The consultant who stays for delivery
Ask Raman Perivela what makes someone successful in consulting, and he probably won’t mention sales. In fact, he’ll tell you it doesn’t come naturally to him. “I don’t have the sales gene,” he said.
What Raman does have is a habit of preparation. Before meeting with a client, he digs into quarterly reports, leadership changes, technology investments, and the organization’s existing technology landscape. Just as importantly, he’s prepared to have honest conversations about the challenges organizations like theirs typically face. “Clients want to hear what can go wrong,” he said. “Coming in with that experience and understanding of how to tackle it, not figuring things out on the go, that’s what builds trust and confidence.”
For Raman, consulting begins with curiosity. Before recommending solutions, he wants to understand the business challenge underneath the request. That means asking better questions.
Bridging technology and business
Long before he was leading complex technology modernization programs, Raman was an engineer in South India with a fascination for how technology works. He earned a degree in Information Systems and spent six years building software before realizing he was just as interested in why organizations made technology decisions as how they implemented them.
One project in particular changed his perspective. While working in aerospace, his team developed an automation solution that saved a major client millions of dollars in manual processing and ultimately earned a patent.
“I started thinking from a bigger picture perspective. How does what we do on a day-to-day basis help with business outcomes? What’s the real impact?”
That question led him to Wake Forest University, where he earned an MBA in Finance and Consulting before beginning a consulting career that now spans more than 14 years, including time at Grant Thornton and nearly three years at Resultant.
That combination of technical depth and business perspective allows him to operate comfortably in both worlds. He can review code with architects one day and help executive teams think through long-term strategy the next. “I can go very granular and work with the architects, review the code at that level,” he said. “But I can also step back and look from the 10,000-foot level and think about whether the solution is sustainable five years from now.”
Following the work all the way through
Raman’s role extends well beyond winning new business. He helps shape opportunities, then stays with clients through delivery, leading the cross-functional teams responsible for executing what was promised. “I don’t do the sale and disappear,” he said. “I do the delivery as well.”
That continuity changes conversations. Rather than optimizing for the next contract, Raman’s thinking about whether the approach will still make sense months or years later. It also means change management is part of the conversation from day one, not something added after technical decisions have already been made.
When an assessment became something bigger
One engagement illustrates that approach better than any résumé bullet could.
In 2024, a client brought Resultant in for what appeared to be a straightforward six-week assessment of its data environment. The assignment was familiar: interview stakeholders, evaluate the current architecture, identify gaps, and recommend a path forward.

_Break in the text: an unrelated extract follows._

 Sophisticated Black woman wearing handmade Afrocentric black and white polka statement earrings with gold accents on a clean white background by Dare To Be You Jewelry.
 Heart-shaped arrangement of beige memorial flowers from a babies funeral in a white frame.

As the team worked through the assessment, Raman realized the client’s biggest challenge wasn’t its data platform as they originally thought. It was that the organization’s ambitions had outgrown the foundation supporting them.
Within weeks, the conversation shifted from recommendations to transformation. Raman assembled a cross-functional team, worked with executive stakeholders to define a long-term vision, and developed a statement of work covering program management, change management, governance, and multiple technical workstreams.

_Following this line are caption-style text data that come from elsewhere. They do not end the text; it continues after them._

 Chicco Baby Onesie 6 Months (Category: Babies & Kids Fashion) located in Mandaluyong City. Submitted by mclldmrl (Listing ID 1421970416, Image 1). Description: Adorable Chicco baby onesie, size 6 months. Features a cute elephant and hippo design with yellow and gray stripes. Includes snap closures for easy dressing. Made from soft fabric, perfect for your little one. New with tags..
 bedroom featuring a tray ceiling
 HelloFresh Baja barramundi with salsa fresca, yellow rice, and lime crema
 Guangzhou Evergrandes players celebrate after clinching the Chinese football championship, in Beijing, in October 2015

This assessment became one of Resultant’s largest private-sector engagements.
Nine months later, the team had delivered a modern data platform that established a trusted foundation for analytics, reporting, and future growth. The success of that first phase led directly to a second long-term engagement.
“We had our ups and downs,” Raman said. “If anyone tells you otherwise, they’re lying.”
For Raman, that’s the reality of meaningful transformation. The work doesn’t stop with answering the question a client asks. It starts with understanding why they’re asking it in the first place.
Outside the office
Raman lives in Charlotte, North Carolina, with his wife and their two daughters. Much of family life revolves around swimming lessons, piano, and keeping up with two energetic kids.
He returns to India every year or so to spend time with his parents, sister, and extended family, and when there’s time to unwind, you’ll likely find him catching up on sports or reading The Wall Street Journal.
Be forewarned that one topic guaranteed to spark a spirited conversation is tennis. Most people choose Federer. Raman is firmly in Rafael Nadal’s corner and can discuss why for hours if you give him the opening.